To: Rajagopal Ananthanarayanan <ananth@xxxxxxx>, Steve Lord <lord@xxxxxxx>
Subject: Re: several messages
From: Jim Bray <jb@xxxxxxxxx>
Date: Fri, 7 Apr 2000 20:56:33 -0400 (EDT)
Cc: linux-xfs@xxxxxxxxxxx
In-reply-to: <200004072159.QAA10643@xxxxxxxxxxxxxxxxxxxx>
Sender: owner-linux-xfs@xxxxxxxxxxx
On Fri, 7 Apr 2000, Rajagopal Ananthanarayanan wrote:

> 
> Hmm. kdb is open-sourced.

On Fri, 7 Apr 2000, Steve Lord wrote:

> According to this page kdb is GPL, the code does not seem to say
> that though.

  Right. The code just says:

 * Copyright (C) 1999 Silicon Graphics, Inc.
...
 * See the file LIA-COPYRIGHT for additional information.

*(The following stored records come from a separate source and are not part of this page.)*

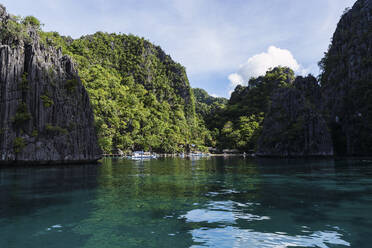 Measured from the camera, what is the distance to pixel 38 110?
195ft

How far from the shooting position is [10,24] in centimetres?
6731

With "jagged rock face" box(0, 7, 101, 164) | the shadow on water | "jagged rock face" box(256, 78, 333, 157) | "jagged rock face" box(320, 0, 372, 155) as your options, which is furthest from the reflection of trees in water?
"jagged rock face" box(320, 0, 372, 155)

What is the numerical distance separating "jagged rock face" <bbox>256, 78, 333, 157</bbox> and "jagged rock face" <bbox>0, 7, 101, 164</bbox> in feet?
243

  I think for it to be GPL, that has to be explicit in the code, as with
the xfs code:


* Copyright (c) 2000 Silicon Graphics, Inc.  All Rights Reserved.
 * 
 * This program is free software; you can redistribute it and/or modify it
 * under the terms of version 2 of the GNU General Public License as
 * published by the Free Software Foundation.

  So it appears that kdb is still proprietary code.

On Fri, 7 Apr 2000, Rajagopal Ananthanarayanan wrote:

> 
> There is a bfd.h for download if you need it.

  Thanks. I'm more interested at present in getting SGI Linux to build on
my Debian/unstable system without tweakage.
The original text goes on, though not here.